┌──

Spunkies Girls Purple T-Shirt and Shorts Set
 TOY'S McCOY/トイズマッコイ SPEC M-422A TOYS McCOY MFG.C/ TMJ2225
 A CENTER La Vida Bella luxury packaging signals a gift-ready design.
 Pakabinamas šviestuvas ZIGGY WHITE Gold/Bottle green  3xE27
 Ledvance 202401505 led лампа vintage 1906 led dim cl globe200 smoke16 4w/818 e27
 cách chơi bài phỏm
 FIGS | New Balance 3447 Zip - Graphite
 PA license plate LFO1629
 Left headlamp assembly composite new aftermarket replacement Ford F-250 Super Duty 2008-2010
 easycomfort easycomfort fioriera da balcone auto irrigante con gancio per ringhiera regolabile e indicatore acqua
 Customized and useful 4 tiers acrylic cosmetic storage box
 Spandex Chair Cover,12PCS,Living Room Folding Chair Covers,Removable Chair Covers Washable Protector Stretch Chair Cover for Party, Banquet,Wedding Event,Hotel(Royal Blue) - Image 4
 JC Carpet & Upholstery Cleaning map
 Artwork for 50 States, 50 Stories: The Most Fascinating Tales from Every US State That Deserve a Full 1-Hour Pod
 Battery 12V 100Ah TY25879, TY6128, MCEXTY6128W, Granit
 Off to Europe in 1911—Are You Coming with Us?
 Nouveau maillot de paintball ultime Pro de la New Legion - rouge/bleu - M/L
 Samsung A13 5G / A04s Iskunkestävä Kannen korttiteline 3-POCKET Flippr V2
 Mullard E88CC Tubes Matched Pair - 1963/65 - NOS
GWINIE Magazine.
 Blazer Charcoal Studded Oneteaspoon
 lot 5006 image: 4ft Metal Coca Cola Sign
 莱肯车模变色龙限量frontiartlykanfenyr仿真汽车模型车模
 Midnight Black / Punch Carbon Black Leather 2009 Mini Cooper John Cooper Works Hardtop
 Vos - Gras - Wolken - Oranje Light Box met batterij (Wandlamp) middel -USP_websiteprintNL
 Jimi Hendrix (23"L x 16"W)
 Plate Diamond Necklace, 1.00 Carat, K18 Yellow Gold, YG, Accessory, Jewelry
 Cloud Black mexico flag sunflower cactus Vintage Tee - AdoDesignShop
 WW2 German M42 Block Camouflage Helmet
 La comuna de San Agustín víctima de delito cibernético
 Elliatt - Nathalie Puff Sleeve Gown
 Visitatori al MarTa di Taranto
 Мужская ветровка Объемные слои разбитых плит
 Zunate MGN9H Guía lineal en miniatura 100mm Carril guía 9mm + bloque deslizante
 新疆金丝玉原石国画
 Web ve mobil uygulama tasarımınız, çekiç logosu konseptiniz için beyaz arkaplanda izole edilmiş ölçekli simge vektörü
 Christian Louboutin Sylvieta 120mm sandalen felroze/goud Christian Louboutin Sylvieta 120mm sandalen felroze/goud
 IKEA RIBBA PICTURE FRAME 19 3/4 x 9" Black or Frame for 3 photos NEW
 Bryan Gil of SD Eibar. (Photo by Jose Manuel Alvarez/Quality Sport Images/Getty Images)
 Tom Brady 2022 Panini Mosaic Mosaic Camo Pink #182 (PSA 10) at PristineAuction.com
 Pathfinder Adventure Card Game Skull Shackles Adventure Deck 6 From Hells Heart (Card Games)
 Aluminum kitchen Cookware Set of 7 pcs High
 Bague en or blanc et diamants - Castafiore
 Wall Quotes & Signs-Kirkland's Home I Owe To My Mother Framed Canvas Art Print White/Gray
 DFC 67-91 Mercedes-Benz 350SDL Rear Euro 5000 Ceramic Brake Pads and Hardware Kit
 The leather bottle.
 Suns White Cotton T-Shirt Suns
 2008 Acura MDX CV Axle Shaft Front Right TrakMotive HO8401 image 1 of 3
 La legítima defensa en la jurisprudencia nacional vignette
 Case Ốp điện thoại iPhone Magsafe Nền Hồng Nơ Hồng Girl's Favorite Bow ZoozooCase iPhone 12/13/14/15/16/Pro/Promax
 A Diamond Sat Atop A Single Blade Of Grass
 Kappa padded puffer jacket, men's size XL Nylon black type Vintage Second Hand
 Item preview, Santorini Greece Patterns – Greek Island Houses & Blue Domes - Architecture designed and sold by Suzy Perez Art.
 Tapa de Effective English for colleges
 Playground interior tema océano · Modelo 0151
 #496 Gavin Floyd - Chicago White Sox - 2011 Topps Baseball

└──

Problem description: Look through the entries above and quote exactly the lines from the line with "Elliatt - Nathalie Puff Sleeve Gown" to the line with "2008 Acura MDX", counting both of those lines.

Solution for this problem:
 Elliatt - Nathalie Puff Sleeve Gown
 Visitatori al MarTa di Taranto
 Мужская ветровка Объемные слои разбитых плит
 Zunate MGN9H Guía lineal en miniatura 100mm Carril guía 9mm + bloque deslizante
 新疆金丝玉原石国画
 Web ve mobil uygulama tasarımınız, çekiç logosu konseptiniz için beyaz arkaplanda izole edilmiş ölçekli simge vektörü
 Christian Louboutin Sylvieta 120mm sandalen felroze/goud Christian Louboutin Sylvieta 120mm sandalen felroze/goud
 IKEA RIBBA PICTURE FRAME 19 3/4 x 9" Black or Frame for 3 photos NEW
 Bryan Gil of SD Eibar. (Photo by Jose Manuel Alvarez/Quality Sport Images/Getty Images)
 Tom Brady 2022 Panini Mosaic Mosaic Camo Pink #182 (PSA 10) at PristineAuction.com
 Pathfinder Adventure Card Game Skull Shackles Adventure Deck 6 From Hells Heart (Card Games)
 Aluminum kitchen Cookware Set of 7 pcs High
 Bague en or blanc et diamants - Castafiore
 Wall Quotes & Signs-Kirkland's Home I Owe To My Mother Framed Canvas Art Print White/Gray
 DFC 67-91 Mercedes-Benz 350SDL Rear Euro 5000 Ceramic Brake Pads and Hardware Kit
 The leather bottle.
 Suns White Cotton T-Shirt Suns
 2008 Acura MDX CV Axle Shaft Front Right TrakMotive HO8401 image 1 of 3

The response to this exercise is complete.